##### LISTED RECORDS #####
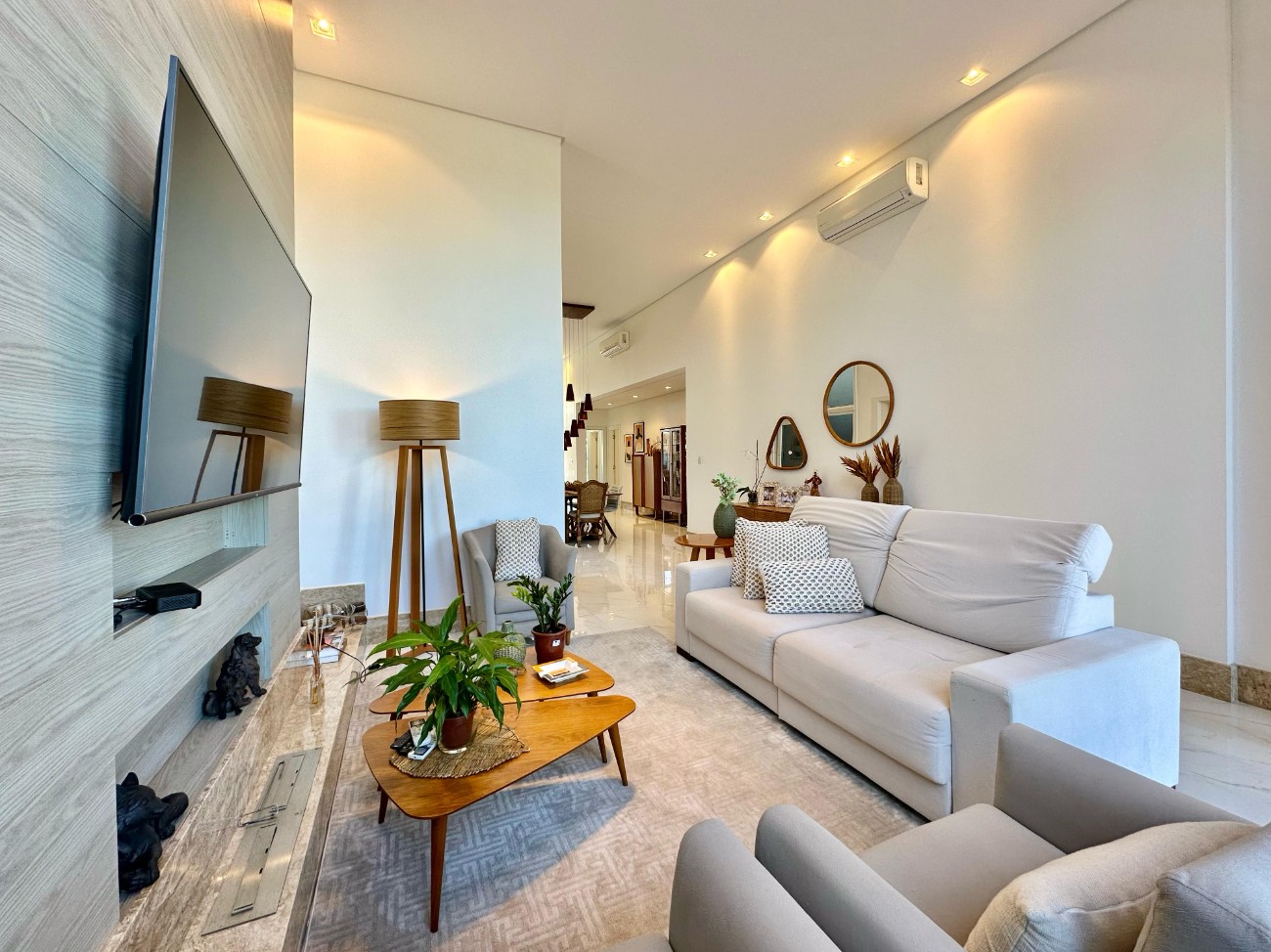 Casa em Condomínio — Condomínio Riviera — foto 3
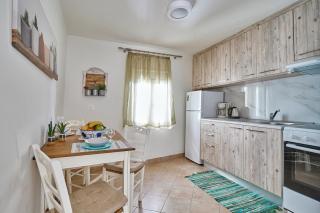 Ekavi Apartment - Kissamos - 9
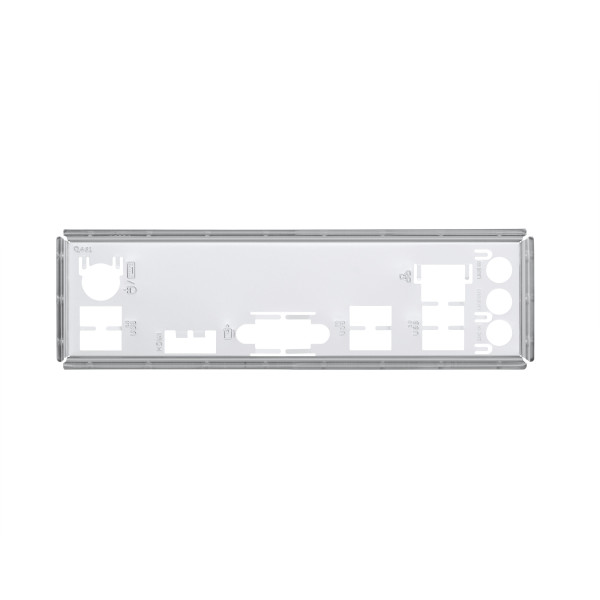 ASUS H610M-K DDR5 - carte-mère - mATX - Socket LGA1700 - H610 proc serie 12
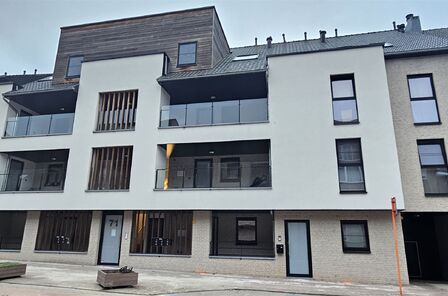 Penthouse te koop in GENK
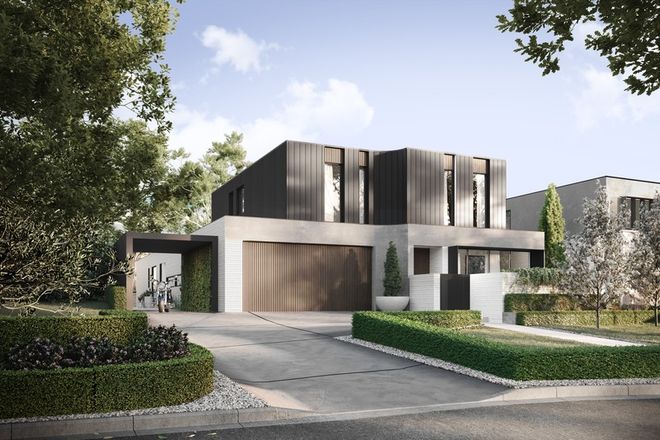 Picture of 48 Finniss Crescent, NARRABUNDAH ACT 2604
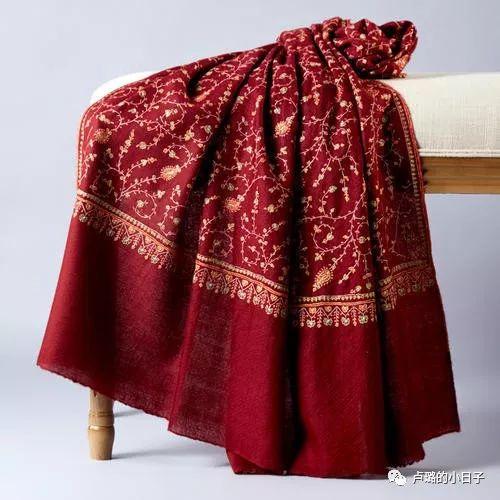 羊绒衫的款式推荐(冬日有质感的羊绒衫)(11)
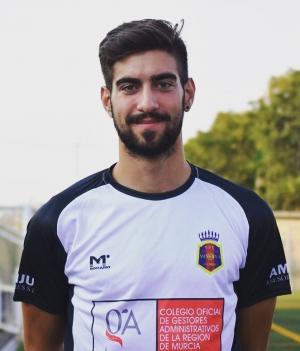 Javi Abelln (S.F.C. Minerva) - 2018/2019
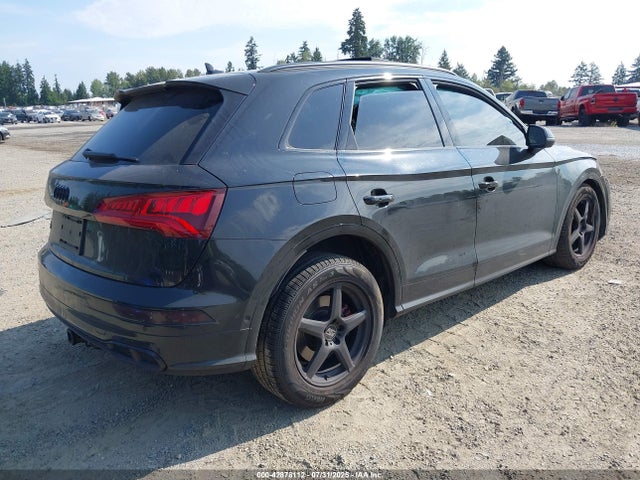 2019 AUDI SQ5 WA1C4AFY9K2134818 Photo 3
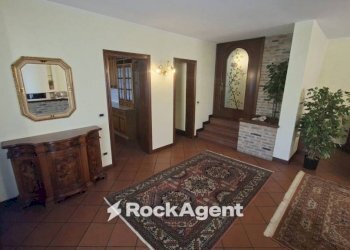 Ingresso - Villa via Giovanni Pascoli, 2, Selvazzano Dentro - foto 22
#####
PROMPT: Your task is to copy the entries in full and exactly, without any images.

RESULT BELOW:
 Casa em Condomínio — Condomínio Riviera — foto 3
 Ekavi Apartment - Kissamos - 9
 ASUS H610M-K DDR5 - carte-mère - mATX - Socket LGA1700 - H610 proc serie 12
 Penthouse te koop in GENK
 Picture of 48 Finniss Crescent, NARRABUNDAH ACT 2604
 羊绒衫的款式推荐(冬日有质感的羊绒衫)(11)
 Javi Abelln (S.F.C. Minerva) - 2018/2019
 2019 AUDI SQ5 WA1C4AFY9K2134818 Photo 3
 Ingresso - Villa via Giovanni Pascoli, 2, Selvazzano Dentro - foto 22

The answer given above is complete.